Although it’s called small claims court, it’s a division of the district court.
Who Hears Your Case
When you have a case in small claims court, a district court judge might hear and decide on it. An attorney magistrate can also hear and decide on it. If a judge hears your case, you can’t appeal the decision. If a magistrate hears your case you can appeal within seven days of judgment. The case is then heard by the District Court Judge.
You can’t have a jury in a small claims case. A judge or magistrate must hear and decide your case.
Kinds of Cases
Small claims court can handle most civil cases in which the amount in controversy is $5,500 or less.
You can only get money in small claims cases. If you want something other than money, you can’t file your case in small claims court. For example, you cannot ask for a certain object to be returned, for this you must file a claim and delivery.

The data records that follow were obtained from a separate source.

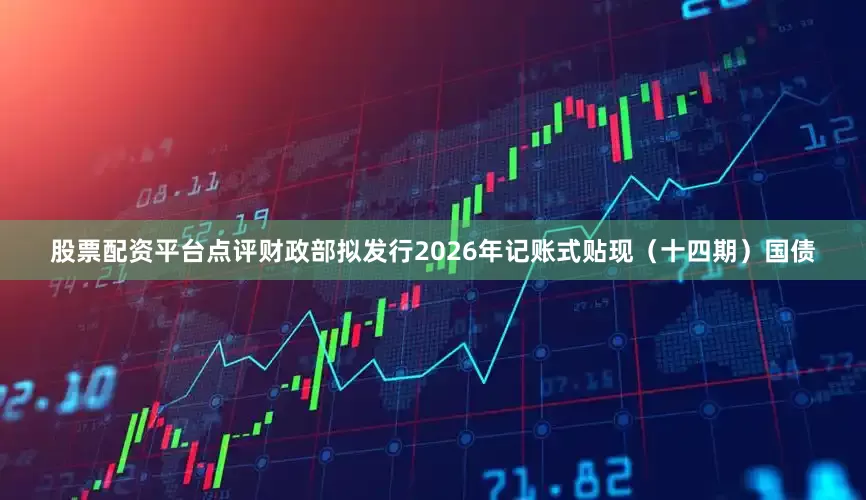 股票配资平台点评财政部拟发行2026年记账式贴现（十四期）国债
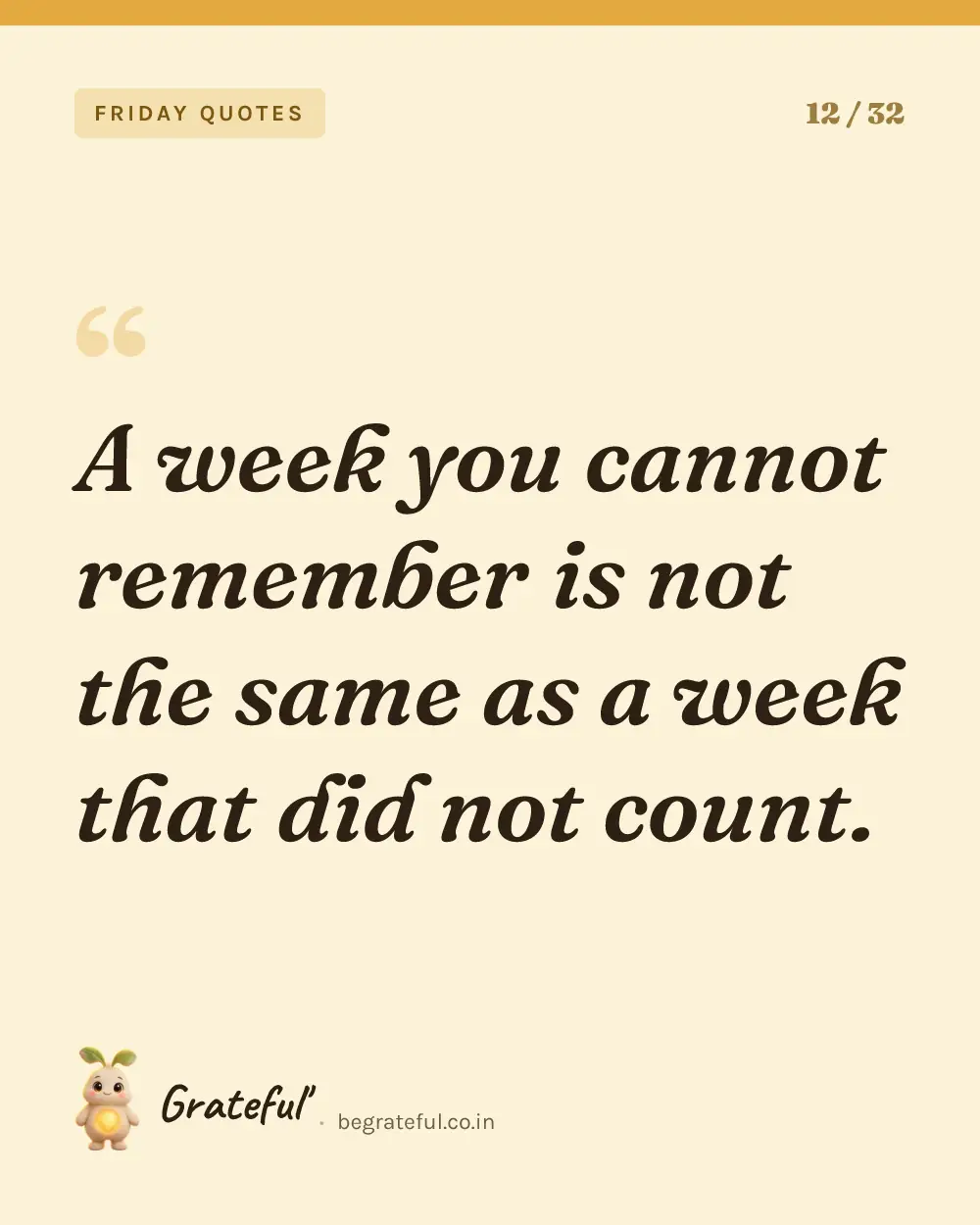 “A week you cannot remember is not the same as a week that did not count.” — quote card 12 of 32 from the friday quotes collection.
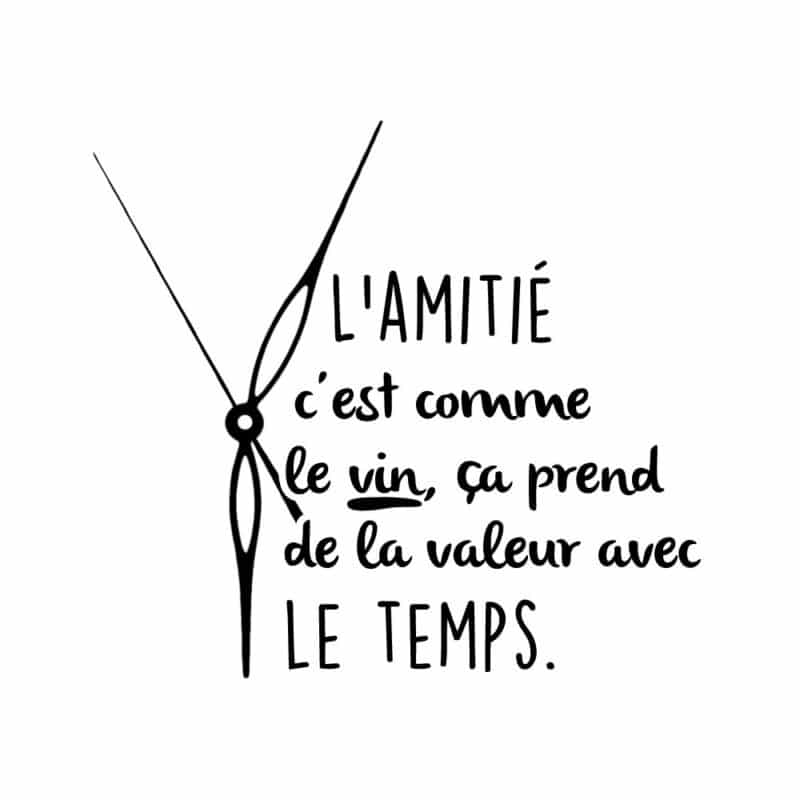 L'amitié c'est comme le vin, ça prend de la valeur avec le temps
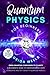 Quantum Physics for Beginners by Orion Wells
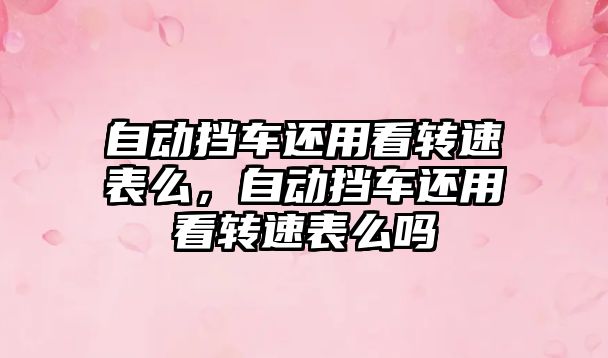 自動擋車還用看轉速表么，自動擋車還用看轉速表么嗎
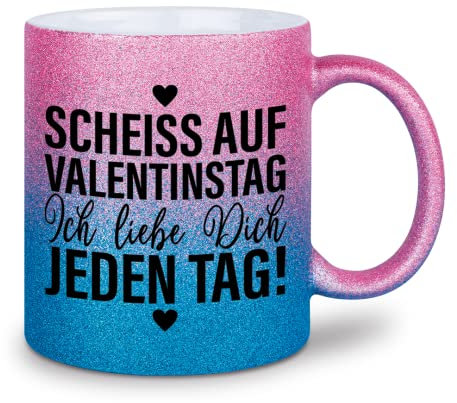 glitzertassen.de® | Scheiss auf Valentinstag Ich liebe Dich jeden Tag! | Tasse mit Glitzer | Geschenkidee | Valentinstag | Liebe | Kaffeetasse | lustige Sprüche | Roséblau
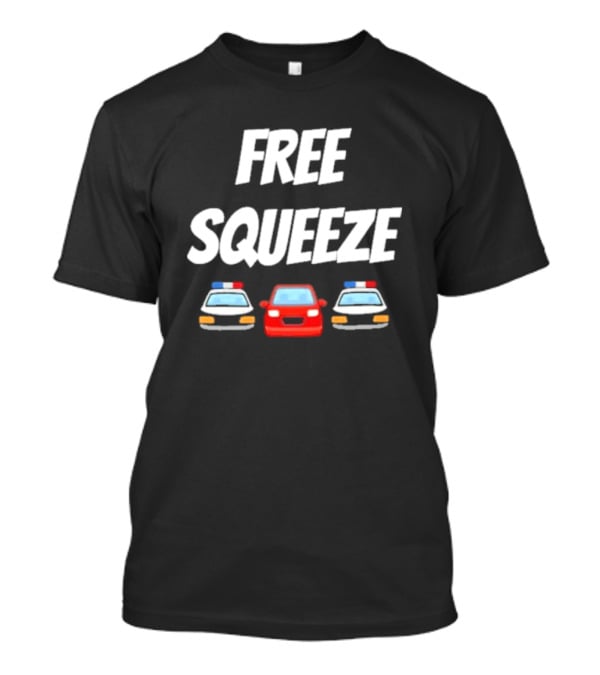 Free Squeeze Police Cars Red Vehicle Humor T-Shirt
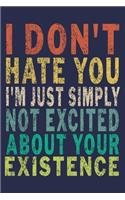I Don't Hate You I'm Just Simply Not Excited About Your Existence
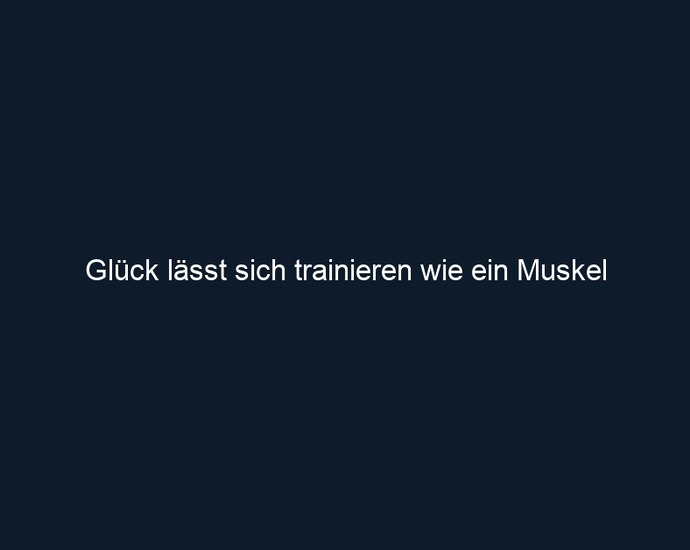 Glück lässt sich trainieren wie ein Muskel
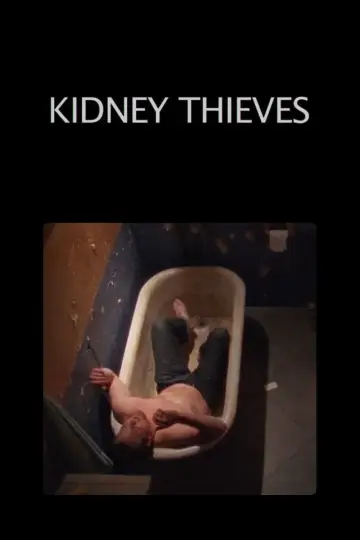 Poster to the movie "Kidney Thieves" #1908269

Some examples of small claims cases are:
A dispute between a landlord and tenant about the return of a security deposit
Performing, setting aside, or changing a contract
A car accident where the insurance didn’t cover the damages
a dishonored check (a check someone wrote to you that the bank did not pay)
a consumer protection violation (you were harmed by someone’s deceptive business practices); or
a recreational trespass (someone trespassed on your land while engaging in a recreational activity)
You can’t file your case in small claims court if you want to sue someone for:
Assault and battery
Other intentional harm or damage
The small claims court can’t award more than $5,500. If you have a case you think is worth more than $5,500, you can still file it in Small Claims Court. But if you do, you lose the right to any amount over $5,500. And you can’t sue again based on the same dispute after a judge or magistrate has made a decision about it.
No Lawyers Allowed
You can’t have a lawyer represent you in a small claims case. You have to represent yourself, and be able to tell the judge or magistrate why you should get the money you’re requesting. You need to present your case with evidence, and be able to speak in front of a judge and your opponent.
You can remove your small claims case to regular district court where you can have an attorney. So can the defendant.
Before You File
Consider your chances of winning your case. Think about whether out of court options might work, such as a settlement or mediation. If you lose your case, you will not get the filing fee or service fee back.